Terry was used to exhaustion. It made sense; you exhausted a captive, the better to make them malleable. But he was used to it, so he could cling to his knowledge to combat it, and weaponize his anger at being manipulated against it. Exhaustion had a purpose, so he could counter it. Any decent soldier, any decent spy could do that. This... this was different. There was no one standing there to cajole him, to manipulate him, for him to manipulate back and stimulate his own mind by antagonizing.
They just... threw him into the cell, left him there for one eternity, then released him from the cell for another eternity. After each cycle of eternities, he felt exhausted in a way he would never be able to quantify, and every time, he entire being felt heavier. Sometimes it was hard to move his arms or legs, and it was a supreme act of will rather than of strength just to stand and pace the tiny space afforded to him.

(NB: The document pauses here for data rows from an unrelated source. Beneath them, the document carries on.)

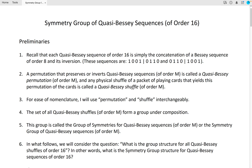The Symmetry Group of Quasi-Bessy Sequences of Order 16. Preliminaries.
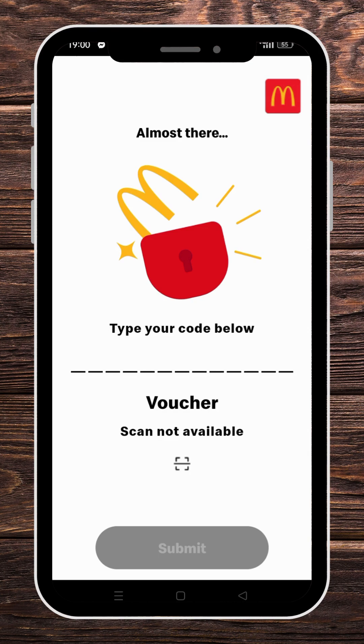And by following these few steps you will successfully enter your voucher code in the McDonald's app. I hope this video was useful for you guys. See you next time.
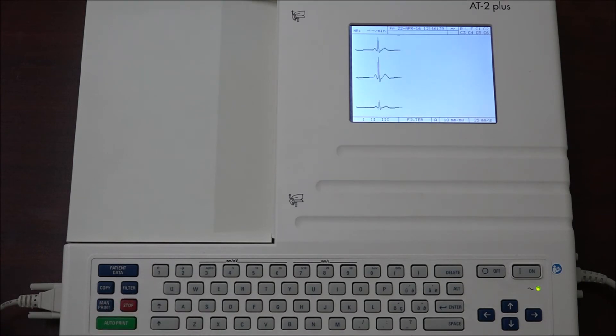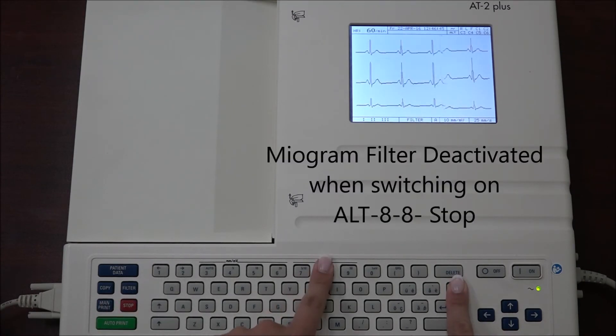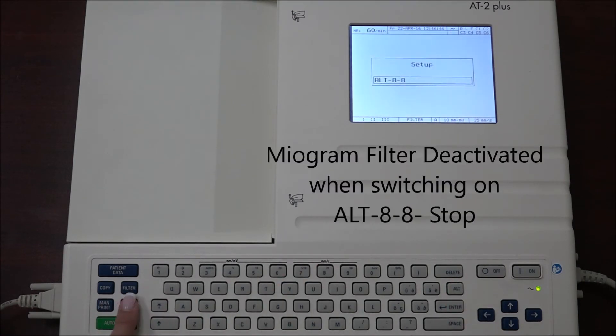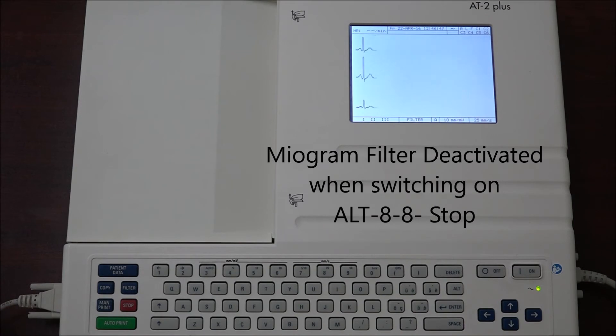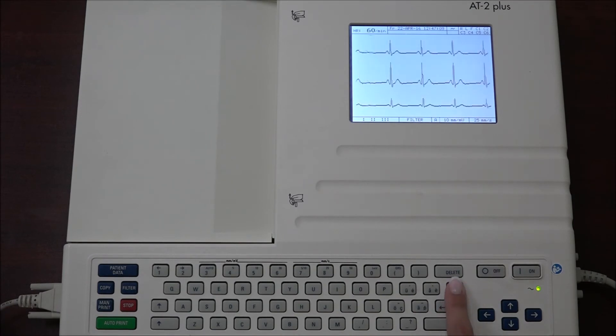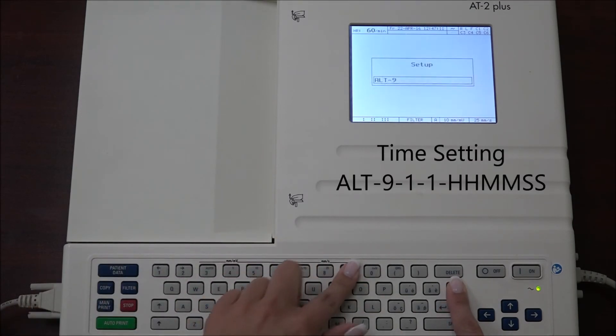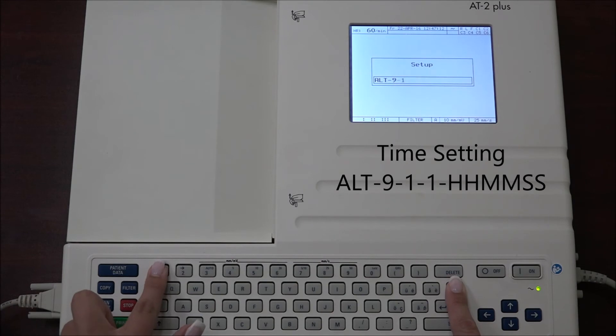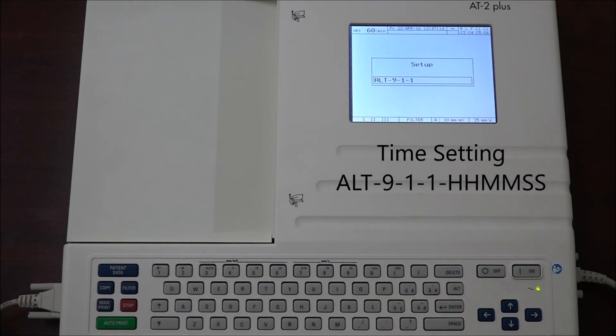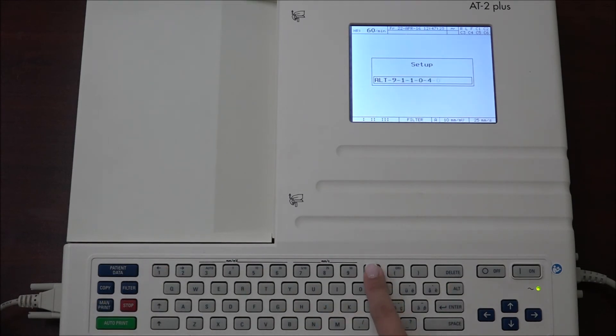To set the myogram filter off when the unit is first switched on, press ALT 8 8 stop. To set the time, press ALT 9 1 1 and input the hour followed by the minutes and the seconds. You will hear a confirmation beep.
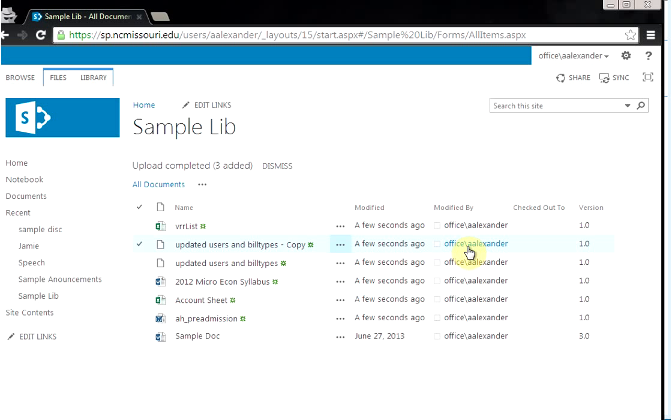And that's all there is to uploading multiple files to SharePoint using either an old version of Internet Explorer, or if you have a new version of Internet Explorer, Chrome, or Firefox. Thank you.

He’d lost count of how many times he’d been forced to run the maze almost immediately, but that didn’t matter very much. There was no benefit to knowing; the time passed made no difference. He only knew that every time he found himself staring out of a barred doorway, he was failing to keep his promises.
Sooner or later, that knowledge more than anything else was bound to bring him down beyond his ability to stand back up. Leaning against the bars, he was once again too weary to weep. And even if he could have, there was nothing in him to make weeping worth the energy.
All he had left was his voice, so he sang.
“I'm just a poor, despairing stranger “Traveling through the dark below “I'll lead the sickness, fear and danger “From the bright world I used to know
“I'm going back no more to suffer “I'm going back no more to harm
“I'm just a-gon' to lands of shadow “I'm just a-goin' on alone...”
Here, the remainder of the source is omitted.